RECORDS FOR PROCESSING:
▬▬▬

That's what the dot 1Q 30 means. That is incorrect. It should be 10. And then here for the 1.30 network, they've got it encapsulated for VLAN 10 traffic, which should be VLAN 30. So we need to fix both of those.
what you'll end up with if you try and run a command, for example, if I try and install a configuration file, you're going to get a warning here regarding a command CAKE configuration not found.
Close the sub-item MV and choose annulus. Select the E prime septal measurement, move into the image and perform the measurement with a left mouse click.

▬▬▬

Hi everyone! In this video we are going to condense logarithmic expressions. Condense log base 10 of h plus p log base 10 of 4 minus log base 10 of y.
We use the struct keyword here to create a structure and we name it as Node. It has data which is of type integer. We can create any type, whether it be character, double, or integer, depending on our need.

▬▬▬

TASK REQUIREMENTS: Both the line containing "That's what the" and the line containing "Close the sub-item" belong in the answer. Print them and every line above that falls between them exactly, and no others.

YOUR SOLUTION:
That's what the dot 1Q 30 means. That is incorrect. It should be 10. And then here for the 1.30 network, they've got it encapsulated for VLAN 10 traffic, which should be VLAN 30. So we need to fix both of those.
what you'll end up with if you try and run a command, for example, if I try and install a configuration file, you're going to get a warning here regarding a command CAKE configuration not found.
Close the sub-item MV and choose annulus. Select the E prime septal measurement, move into the image and perform the measurement with a left mouse click.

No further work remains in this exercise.